Canada now holds the triple-crown of major men's ice hockey: The Olympic Gold medal, the World Championship gold medal, and the World Cup. Woo!! Canadian World Domination in full effect!

Out of the three, the Olympic championship is still held in the highest regard, and I think quite a bit of work will be required if the World Cup were to take on a prestige that will fill Yonge St to 1993-World-Series amounts. This would include, but not be limited to: regular staging of the event (no more 3 years, then 5 years, then 4 years, then 8 years nonsense); fair qualifying rounds for all hockey-playing nations; and a single, variable host country for each tournament, rather than staging games in different regions and having players battle jet-lag.

What's most inspiring about this latest victory, is that Canada iced a very young team, with few members who were on the Olympic Champion team of two years ago. That speaks well for the state of hockey development in Canada in general, and could be the signs of a long and healthy dynasty in the future.

Thu, Sep 16, 2004

Internet Freak Friends

Why is it that all the freaks I meet over the internet end up being very friendly and wonderful people?

Here I am, with an invite to gather at a bar with a group of Toronto-area Corrs fanatics I have briefly met over the 'net to discuss post-concert reactions and watch a bit of the World Cup. I ponder the situation to myself. "This could be interesting," I think. "What if these people turn out to be the psychotic crazy folk with whom the internet is supposedly filled to the brim? What if they are super-obsessive people that eat-sleep-and-breathe The Corrs at every possible moment? What if they all wear blue jumpsuits and drink "special Kool-Aid" to achieve transfiguration, thereby becoming "closer" to the band that they hold so dearly? What if they - *gasp* - insist on group sing-alongs?!?!"

This could make for a great story.

Picture it. I'm at a party, and somebody tells the story of their narrow and courageous escape from the attack of a ravenous, fire-breathing, chainsaw-wielding, Republican grizzly bear while lost in the thick forests of Northern Quebec. Through the clever use of a toothpick, a frayed piece of string, and a handy sample of maple syrup, he concocts a trap for the blood-thirsty creature and lives to tell the story later over a tall glass of ale. The audience is amazed.

"That's a great story," I would say. "But I once spent an evening with people I met over the internet."

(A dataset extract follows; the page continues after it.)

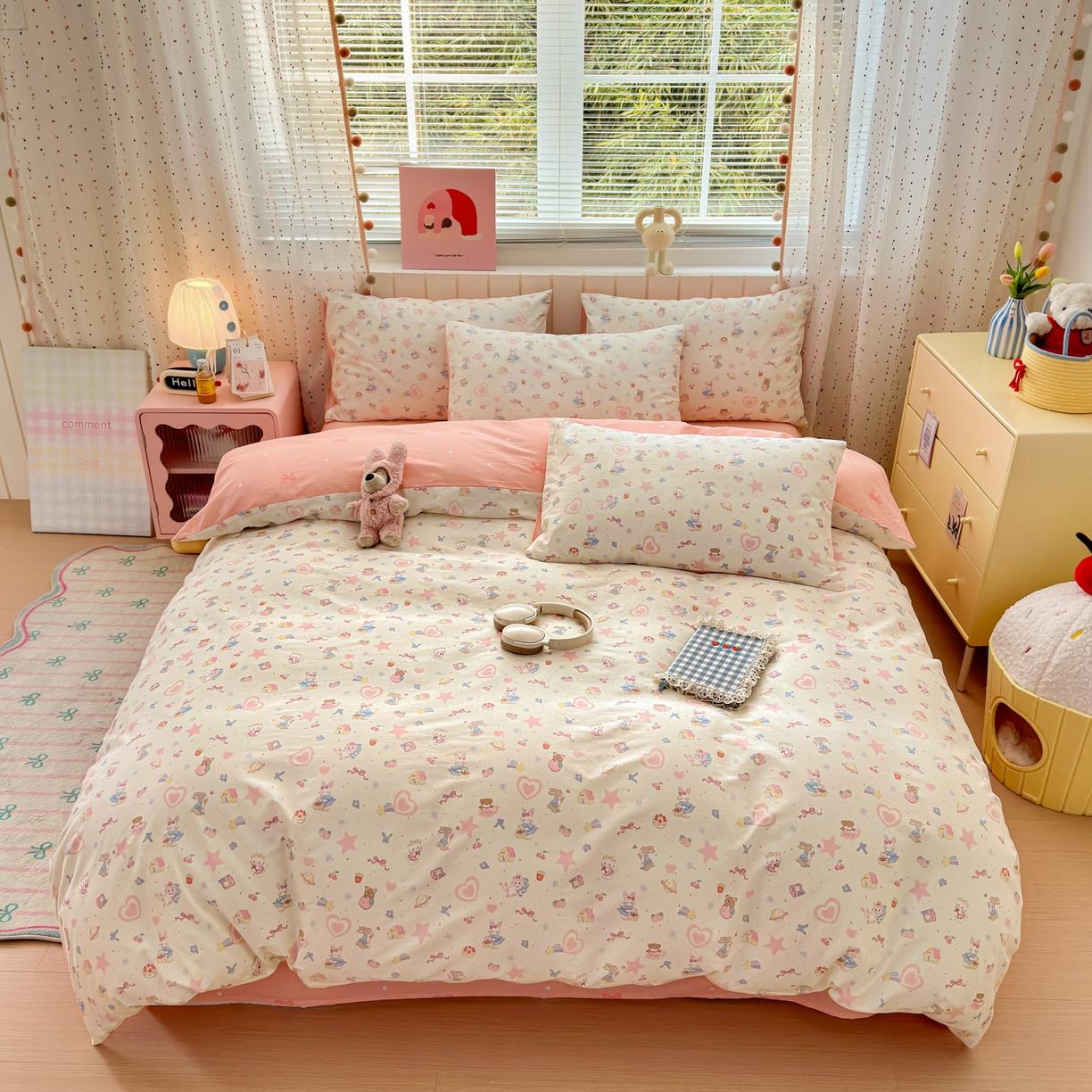 梵克保罗 2026春夏新款ins小清新40支全棉13372四件套学生三件套单被套单枕套系列-第二批（四件套） 甜蜜花园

A hush would silence the entire room, and all would hear my story of stubborn bravery in awe and disbelief, and they would shower me with godly respect as they recall the tale of how I stared peril in the eye and won through.

This is going to be great. I get psyched up for my quest. I plan my approach; I identify signs of danger; I draw charts of different routes of escape if the peril becomes too perilous even for one of such high bravery and steely nerve like myself.

Then I finally meet the people and they all turn out to be very pleasant and extremely friendly.

Thanks for ruining my fun.

Thu, Sep 30, 2004

Au Revior

I've never been an Expos fan - being a Torontonian and a Jays fan during the glory days of the '80s and early '90s - and I've pretty much rejected the game of baseball entirely since the World Series-cancelling strike 10 years ago. However, it still seems a terrible shame that Canada's first major league baseball team has packed it's Youppi! and gone south.

I can't blame the organisation for leaving, of course. Having drawn a mere pittance worth of fans for many years now, it undoubtedly seems Montrealers have, on the whole, abandoned the game of baseball. However, after having the season cancelled while the Expos were the best team in the game, being short-changed twice while selling the team, and being the main target of a failed contraction bid, you can't help but think that baseball abandoned Montreal first.

Baseball has simply withered and died in Canada since the strike. It's not our game, and we really don't care too much to come back after the greedy squabble that ruined a year for fans. The Expos are the first casualty of that folly. Now, if the NHL could look at this as an example of what would happen to hockey in the U.S. if the lockout remains, then there would be a hope of slavaging our fair sport.

Looking at the two stubbornly proud suits up in those offices, though, I don't think they're about to listen.